Archives par mot-clé : Drago Jancar

L’amour au temps de la peste brune

Jancar © Jože Suhadolnik/Delo

Quand l’amour défie
l’histoire. Un grand
roman de Drago
Jancar.

Drago Jancar est un
conteur né. Après les
magnifiques Cette
nuit-là, je l’ai vue
et Six
mois dans la vie de
Ciril
, tous publiés
chez Phébus, le grand écrivain, digne représentant, avec Boris Pahor,
des lettres slovènes, nous revient avec un grand roman qui plonge
dans les affres de la seconde guerre mondiale.

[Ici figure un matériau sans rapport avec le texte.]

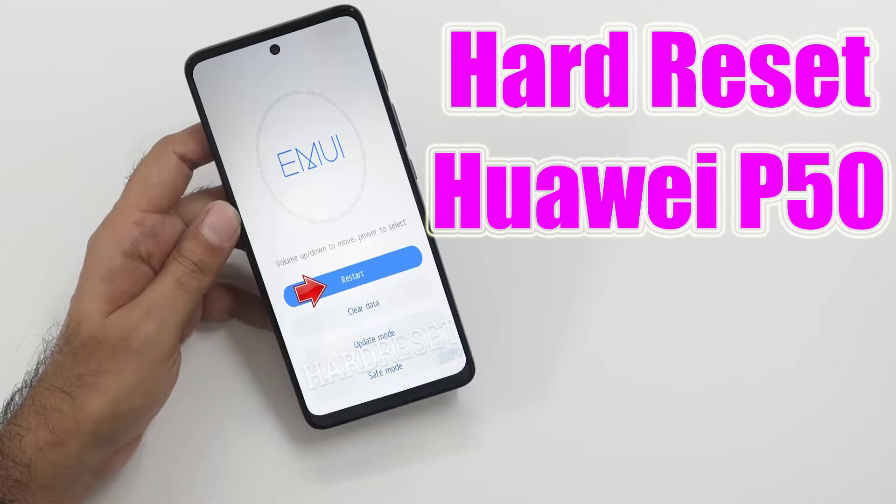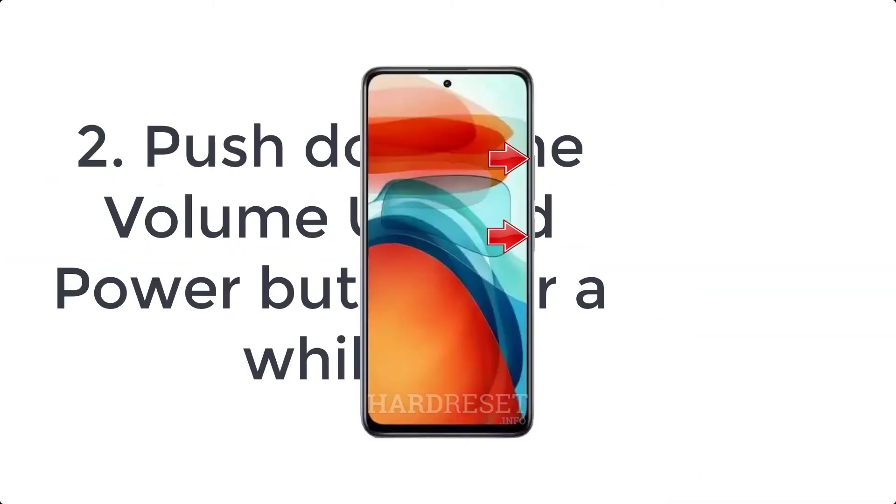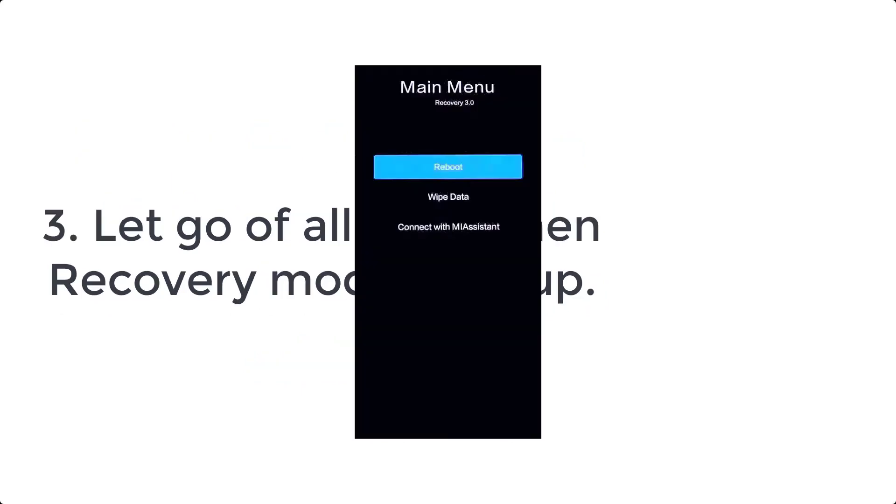How to hard reset Huawei P50. Step one: press the power button to switch off your smartphone. Step two: when your device is off, press and hold the volume up key and connect the smartphone to the computer. Step three: after a while, a recovery menu should pop up. From that menu, choose clear data. Use the volume buttons to navigate and the power button to select.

Maribor 1944. La ville slovène, autrefois partie de l’empire austro-
hongrois et peuplée en grande majorité de germanophones, a été
intégrée en 1919 au nouveau royaume de Yougoslavie. Ressemblant
à sa cousine Trieste, elle est imprégnée de ce multiculturalisme où
germanophones et slaves ont su vivre ensemble tant bien que mal.
Mais l’invasion nazie a bouleversé tout cela. De nombreux
groupuscules luttent contre l’occupant allemand, aidé par ces
populations germanophones qui ont acclamé les troupes du
Troisième Reich lorsque ces dernières pénétrèrent dans la ville et
s’emparèrent des postes clés en 1941

Certains comme Ludek vont trouver dans le basculement de
l’histoire matière à leurs revanches personnelles. Ludek est devenu
Ludwig, un haut gradé SS qui règne en maître sur son ancienne ville
natale et ne jure que par la pureté de la langue allemande. Il a le
pouvoir mais pas l’amour. Or, celui-ci vient à passer à sa portée, non
pas directement mais par le biais d’une ancienne connaissance,
Sonja, venue quémander à l’officier nazi, une grâce pour son
amoureux Valentin, un maquisard arrêté quelques mois plus tôt.
Sonja ne sait pas encore que cette rencontre allait marquer à jamais
leurs destins.

Une nouvelle fois, Jancar nous accompagne dans les rues de sa chère
Maribor, un peu à la manière d’un Claudio Magris. Le lecteur voyage
tantôt au bord de la Drave, tantôt dans les vallées de la Prohorje, ces
montagnes où nos amoureux se récitaient des poèmes bucoliques,
tantôt enfin dans ces cafés qui sont autant de ruines fumantes d’une
Mitteleuropa à jamais disparue et où se noue le destin funeste de
Sonja. A travers ces lieux et ses personnages, Jancar nous rappelle
avec la beauté de son écriture que la langue conduit toujours au
nationalisme lorsqu’elle se veut exclusive, lorsqu’elle se revendique
comme unique dépositaire d’une identité.

De cette domination linguistique naît alors la domination politique,
celle des êtres. Le geste de Sonja, écrit à l’encre de la poésie, aura un
goût amer. Jusqu’où est-on capable d’aller par amour ? Celui-ci a-t-il
besoin d’être sans cesse entretenu, de vivre par-dessus tout, malgré
tout ? Ou comme le dit Jancar, a-t-il lui aussi besoin de repos ? Sonja
devait se brûler en tentant de se résoudre ce dilemme, marquée
dans sa chair et son esprit par le fer de l’oppresseur. Et si la liberté,
surtout pendant cette période tragique où nos héros voyagèrent
parmi les ombres de Dachau, Buchenwald et Ravensbrück et
côtoyèrent la mort à tous les coins de rues de Maribor, n’était pas la
chose la plus importante au monde, celle qui vaut tous les sacrifices
y compris celui de l’amour ? C’est à travers ce prisme que le roman
de Jancar devient limpide. C’est avec un fusil dans le maquis que
Valentin défendit sa liberté tandis que Sonja choisit la liberté de son
cœur.

A travers les histoires de Sonja, Ludwig et Valentin, Drago Jancar
tire une réflexion sur les rapports géopolitiques qui ont ensanglanté
l’Europe au 20e siècle et dont les résurgences plus à l’Est font
toujours craindre le pire.

Par Laurent Pfaadt

Drago Jancar, Et l’amour aussi a besoin de repos, Phébus, 350 p.